# Can a MagicJack Plus phone Device be used with a Macintosh Power PC 'puter w/10.4.11?



## LikesTechStuff (Aug 31, 2012)

I really don't want to keep using an expensive landline phone service, so went out and bought a MagicJack Plus phone device.
It said it didn't need a computer to operate, but it seems like you DO need one to registar it with MagicJack.
I plugged it into the wall and tried to call a friend on their cell phone & the call went thru, but now, when I tried to plug the Device into our USB port to registar it, a message comes up on our screen of our computer that says you cannot Double Click this Icon, becuase the system is not supported on the computer, or somethign to that effect!
So, even though I manage to make one call without registaring it, now when I try to make a call with the landline phone using the MagicJack Plus device, plugged into the wall, the phone rings, but then it fails before the call goes thru!

Now, I'm wondering if I wasted my time to even go get the magicJack Plus device for a Macintosh OS X 10.4.11 with a PowerPC,

OR how do you registar the device if you CAN use it, and have that type of computer? 
Please answer my post asap, as I only have a short time before I must bring it back to get a refund! Thanks.


----------



## LikesTechStuff (Aug 31, 2012)

AND IF YOU GO ONTO THEIR WEBSITE AND LOOK AT THEIR FAQ, IT SAYS, 
"To register magicJack PLUS: 

1. Plug your magicJack PLUS into a USB port on your computer (PC or MAC)

2. Click on "Click Here to Register" in the left window of the magicJack PLUS softPhone

3. Follow the on-screen instructions to register with your personal information. You will be given the option to select your area code during this registration process

AND I CANNOT FIND for the life of me the spot where they're talking about on #2. "left window of the magicJack PLUS softPhone" either.
I tried to get online and talk to their Live Person via chat, and no one appeared there either!
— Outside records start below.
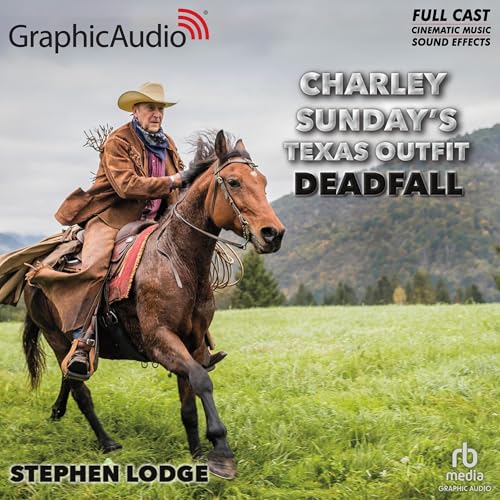 Cover of Deadfall [Dramatized Adaptation]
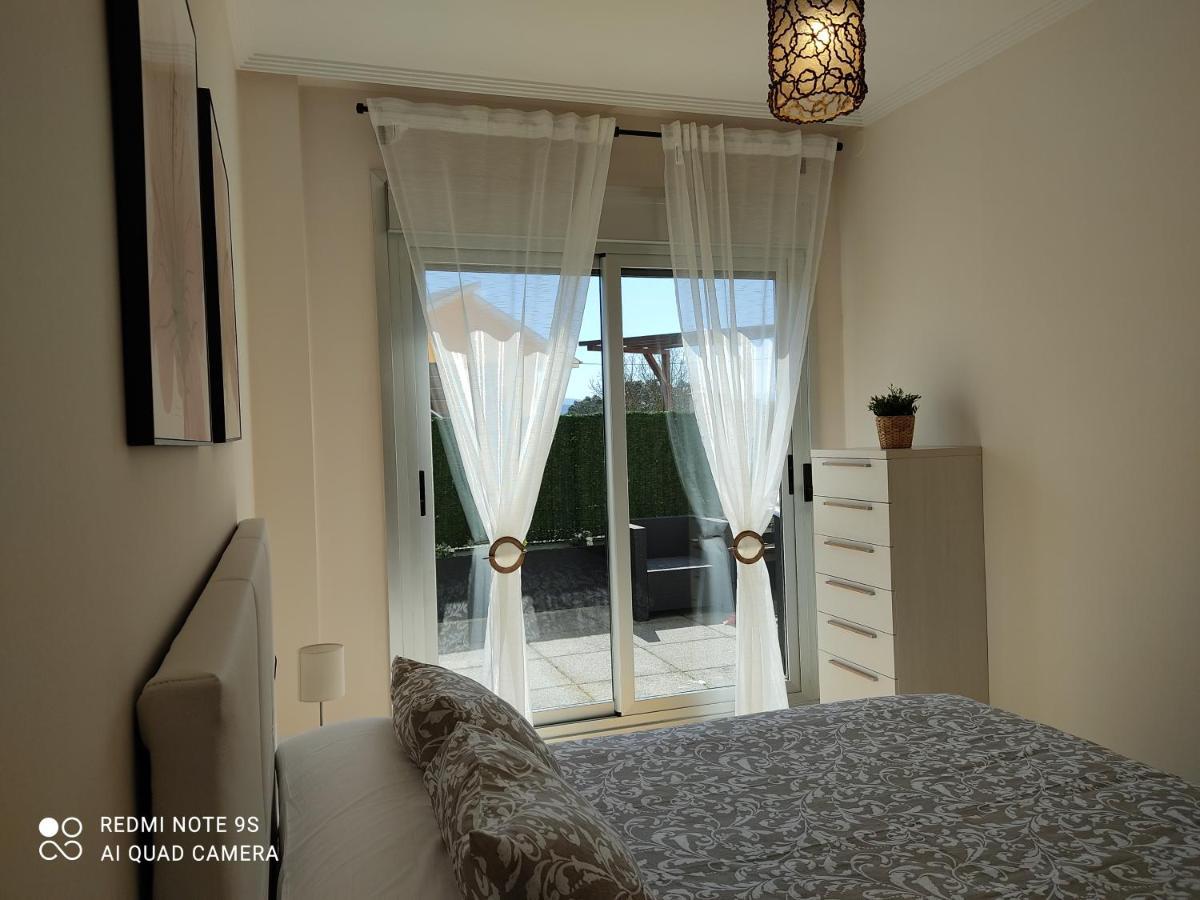 Apartamento Aurine Foz Exterior foto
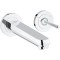 Bateria umywalkowa GROHE EURODISC JOY podtynkowa, chrom 19969000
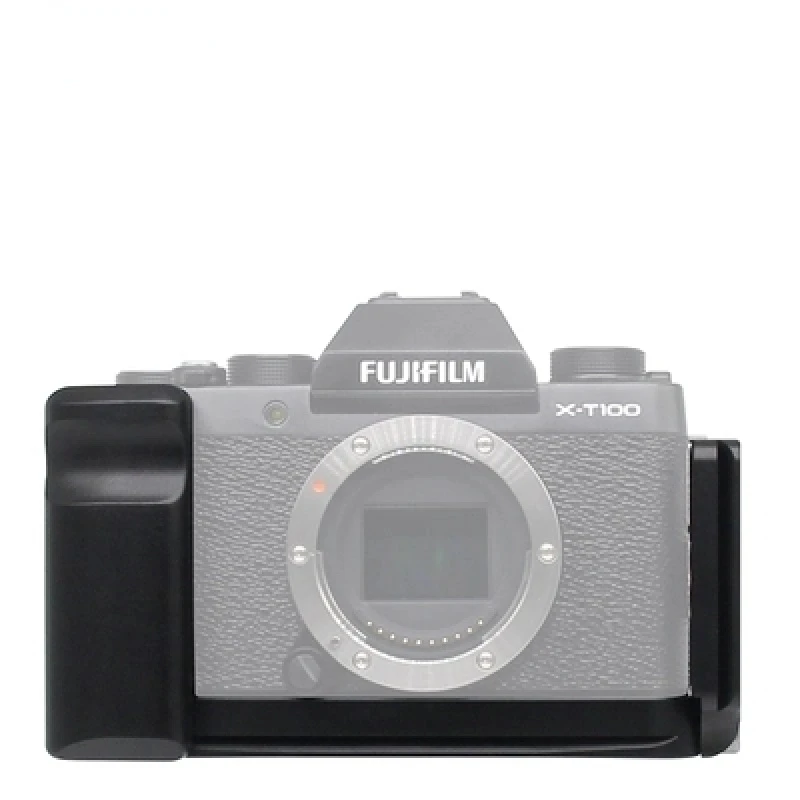 For Fujifilm Fuji X-T100 Arca-Swiss Standard Mount Plate With 1/4 Thread Holes Quick Release L Plate/Bracket Holder hand Grip
For Fujifilm Fuji X-T100 Arca-Swiss Standard Mount Plate With 1/4 Thread Holes Quick Release L Plate/Bracket Holder hand Grip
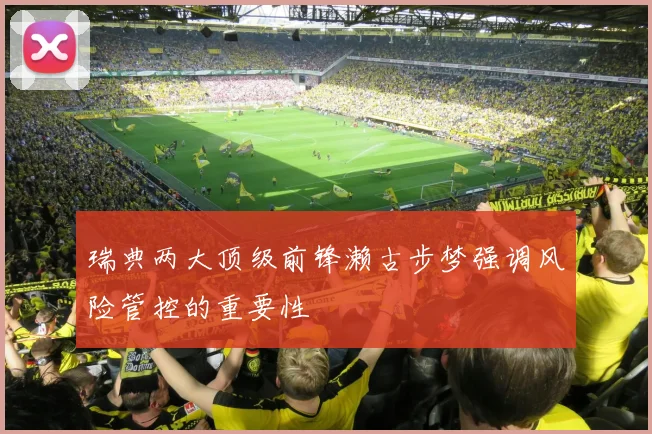 瑞典两大顶级前锋濑古步梦强调风险管控的重要性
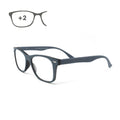 Gafas lectura illinois gris aumento +2,0 gafas de vista, gafas de aumento, gafas visión borrosa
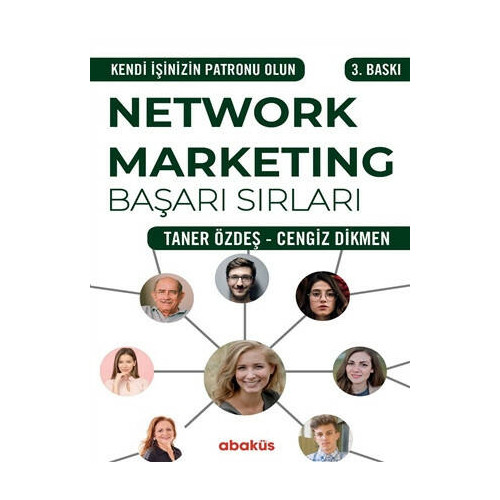 Network Marketing Başarı Sırları - Taner Özdeş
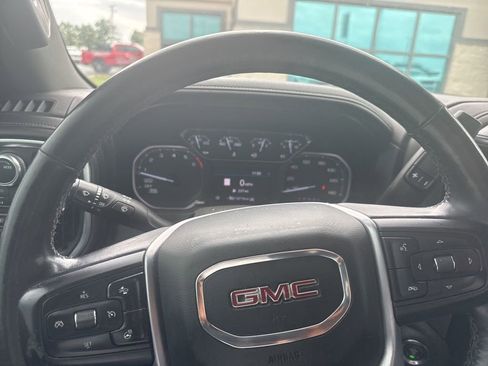Used 2020 GMC Sierra 1500 SLT w/ SLT Premium Plus Package AWD/4WD image 17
Now, I did hook up the Magic Jack Plus device to a power outlet, not my computer and my router, a wireless router, but the phone will RING when I make a call, but hang up before the call goes thru.
I've got no idea how to registar, where this supposed magicjackPlus soft phone is either.
I've just wasted 3 hours of my day, trying to find out how to use this device, and I'm getting fed up here. It was $70 just to buy the thing and I had to rip open the package to get it out of its package.
The store CLAIMED it would take it back, if I cannot use it, but knowing the stores in our area, my guess is they're going to give me a hard time!


----------



## sinclair_tm (Mar 11, 2005)

Sounds like it'll only work on an Intel Mac, so us PPC Mac users are out of luck. I'd take it back.


----------



## LikesTechStuff (Aug 31, 2012)

*Re: You CERTAIN MagicJackPlus can't be used with Macintosh Power PC 'puter w/10.4*

It was working though for a few minutes, when I first tried it out. The reception was awful, but I could hear it ringing and it definitely contacted my friend's cell phone!
Which makes me think it CAN work, but to get it registared, that's the question here....
It won't registar at all on my Mac 10.4.11 with the Power PC! It makes that strange message saying it won't install on this system!
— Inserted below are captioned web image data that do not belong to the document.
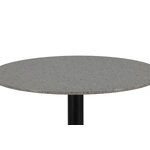Dining table + 4 chairs razzia (venture design) with beauty flaw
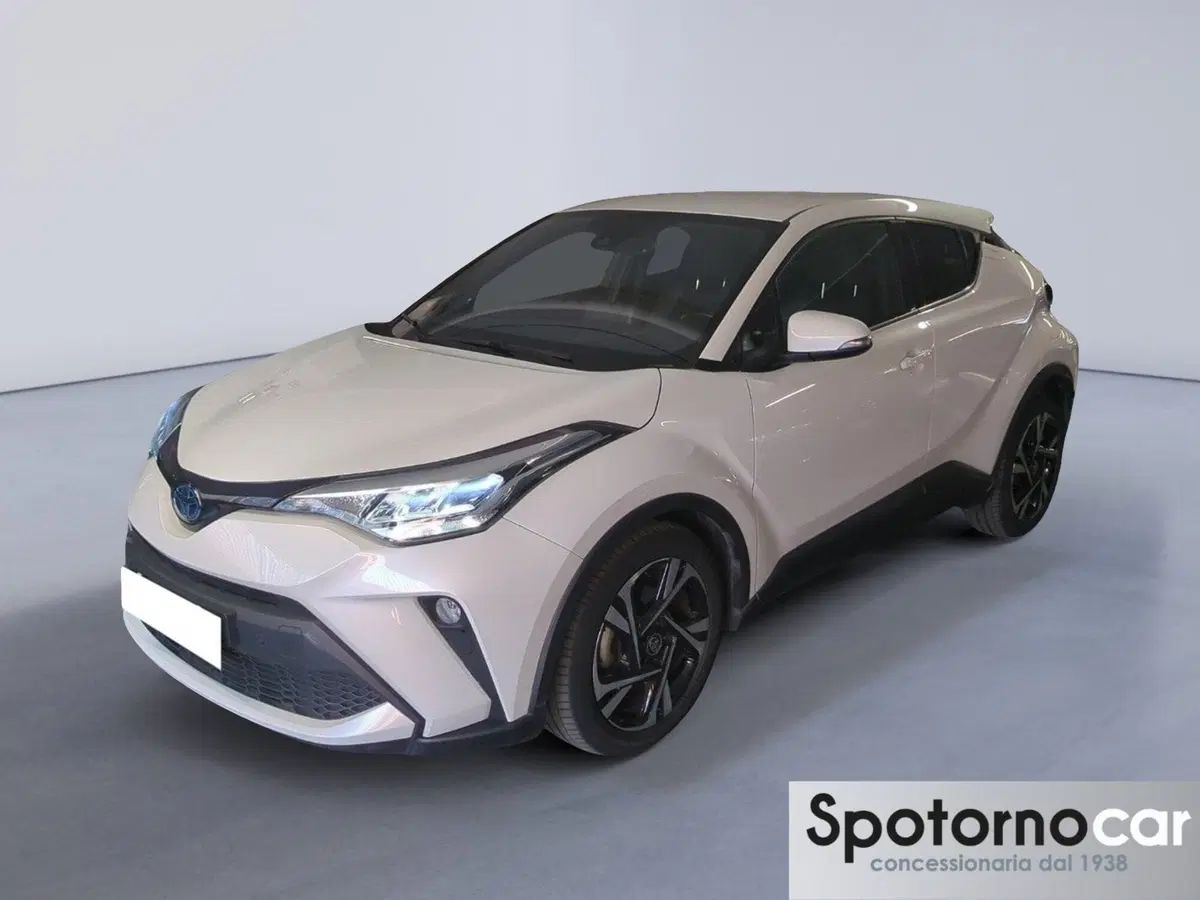 Toyota Toyota C-HR usata a Milano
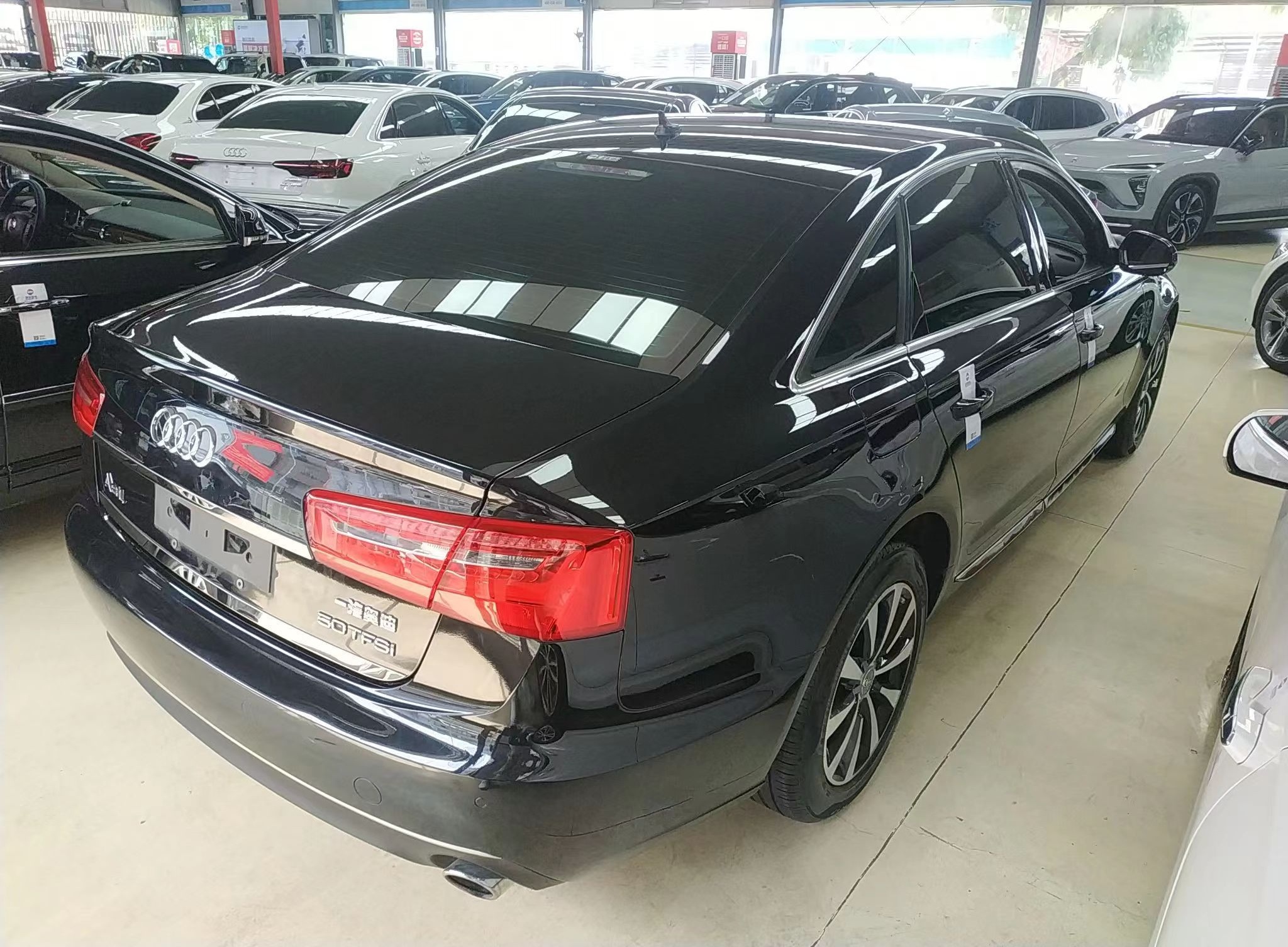 奥迪A6L 2014款 TFSI 标准型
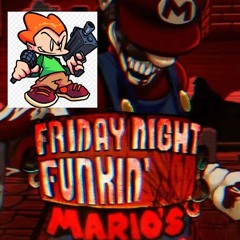 It's a Me (Pico Mix) - FNF: Mario's Madness UST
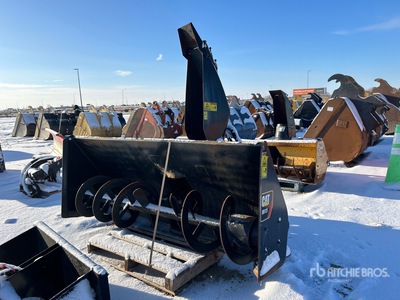 2018 Cat SR121 84 in Turbina da neve per mini pala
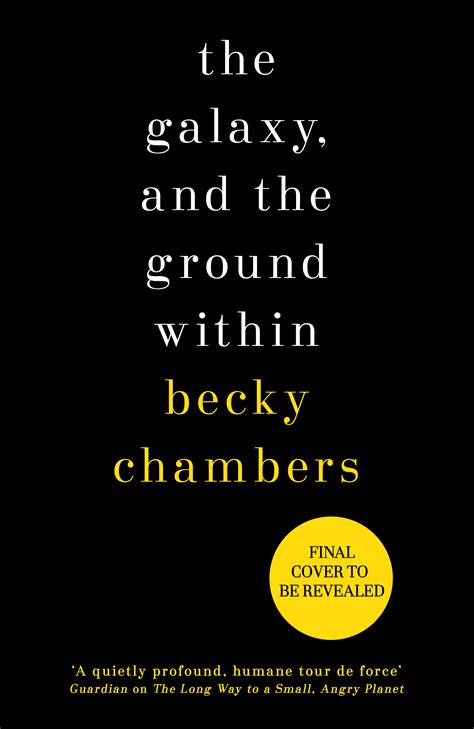 Read The Galaxy And The Ground Within Wayfarers 4 By Becky Chambers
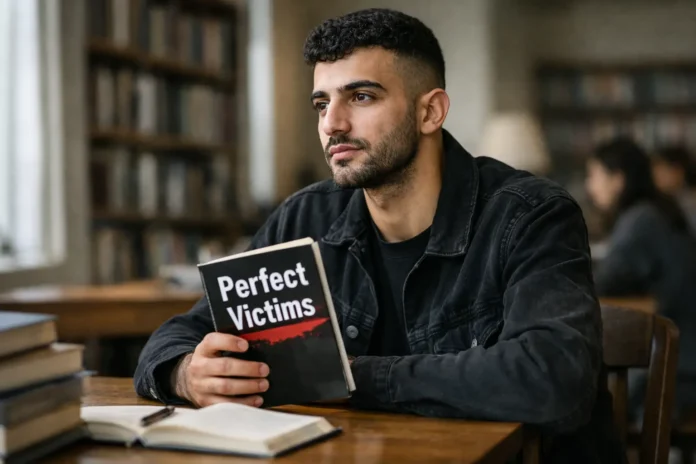 «Perfect Victims»: Mohammed El-Kurd remet en question le format imposé aux Palestiniens «Perfect Victims»: Mohammed El-Kurd remet en question le format imposé aux Palestiniens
BUT, the package says you don't need a computer at all! So, just wondering if perhaps I could go somewhere else and get the thing registared on a different computer.

But I dont' know.. I'm starting to think perhaps you are right.

BUT, my question I guess is what kind of device could I use that's inexpensive & not a regular landline service.

VOIP? I don't know what that's about. I know Vonage offers a landline service, but you have to agree to 1 year contract & there's taxes & fees, so I don't want to pay $40/month AGAIN for landline service...:banghead:
We have a famous Internet/TV company & their service stinks! They won't help us with ANYTHING!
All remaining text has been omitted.